When a company is initially formed, in its early stages there is almost always a strong focus on developing a vision, a formal mission statement and company values. But this level of understanding of where the companies long term position in the marketplace will only take it so far. A business needs to understand its purpose, why is actually exists and all too often this is very elusive.
A company’s Core Purpose, not to be confused with Company Vision or Company Values (which could be considered the “where” and “how”), a company’s core purpose is more about the “why”. In fact, it could be considered the philosophical component that is often missing in business. Let’s be honest, most of us have asked ourselves at some point, usually on a Monday morning, why am I doing this? or what difference am I making in life? Not having the answers to these questions can leave us feeling empty and un-motivated, for most of us, having no clear purpose in life can be downright depressing. So, why would this be any different in our working lives? After all, we all spend far too much of our lives at work.
A common mistake with core purpose that businesses make is confusing it with what they make or provide to generate revenue streams. For example, “Our core purpose is to make the best widgets in the world”. This doesn’t cover “why”. One could ask why do we even make widgets in the first place? The problem with this scenario is that there is no ideology involved, and therefore little emotion or passion. The workforce will continue to turn up each day and make this, or provide that, go home, return the next day and do it all over again. Even typing these words sends a shiver down my spine.
In this world of change, it’s sometimes difficult to establish just how much change we should make. After all, we keep hearing “change is good”. This is true, but only to a point. For example, I know of a business that made a total change in its direction of what it produced, based upon a perceived market opportunity with higher profit margins. The move was almost disastrous, and a U turn with a lot of painful learnings was made just in time. The fact is that they attempted to move too far away from what they were about, and what they’d always been the best in the world at. With frequent changes of board members and CEOs in today’s business world, it’s increasingly important to nail down just what the core purpose of the business is.
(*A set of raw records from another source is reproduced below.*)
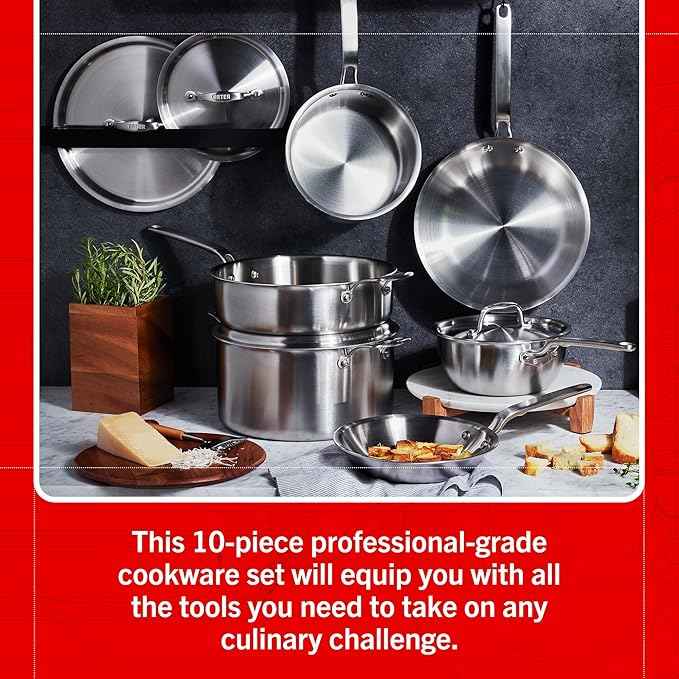 Heritage Steel Eater Series 10 Piece Cookware Set | Made in USA | 5 Ply Fully Clad Stainless Steel Cookware Set | Stay Cool Handle | Induction Ready & Non-Toxic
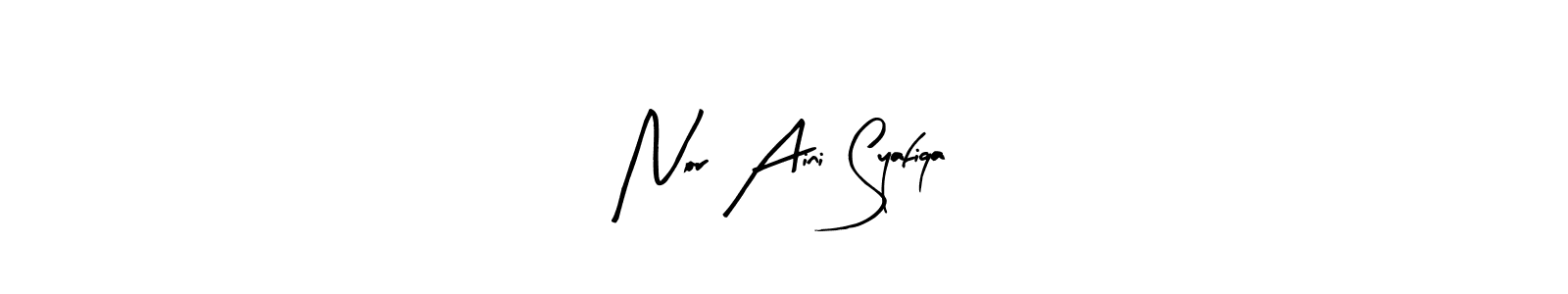 The best way (Arty Signature) to make a short signature is to pick only two or three words in your name. The name Nor Aini Syafiqa include a total of six letters. For converting this name. Nor Aini Syafiqa signature style 8 images and pictures png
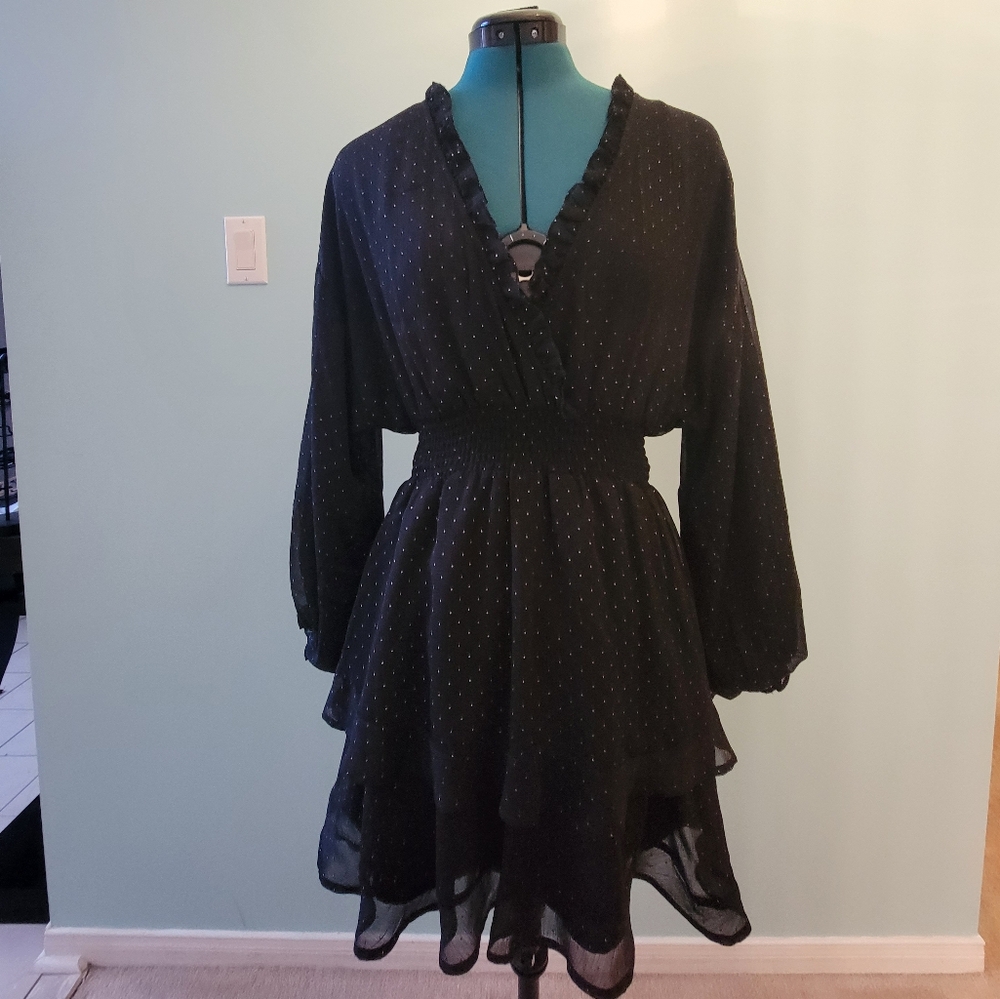 Dynamite Black Long Sleeve Ruffle Wrap Dress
A better example is a medium size enterprise I know that makes mid to high range food products. Their core purpose is very clear, “to provide life with a little enjoyment”. To fully understand the impact and importance of this purpose, you would need to see and feel it from the shop floor to the board room – it is tangible. They don’t make mass produced cheap products. They don’t use cheap imported ingredients, and they certainly don’t make health foods. Not that there’s anything wrong with health foods and cheap mass-produced foods, it’s just not “their thing”. They make products that can be enjoyed as a treat, something that satisfies a basic need in most people. It has helped them to keep focused upon why they exist, and what they do best and thus achieve good profitability, sustainability and growth.
Relating this to my life was interesting for me. My eldest son has recently completed a degree in music, and when I asked what the hardest part was, he answered “being constantly asked what job it’s going to get me as if money is everything in life”. He went on to explain that his purpose in life wasn’t to be a well-paid accountant, or a captain of industry, rather it was to entertain people. That’s what he’s passionate about, that is what he’s good at, and this is what will make him successful.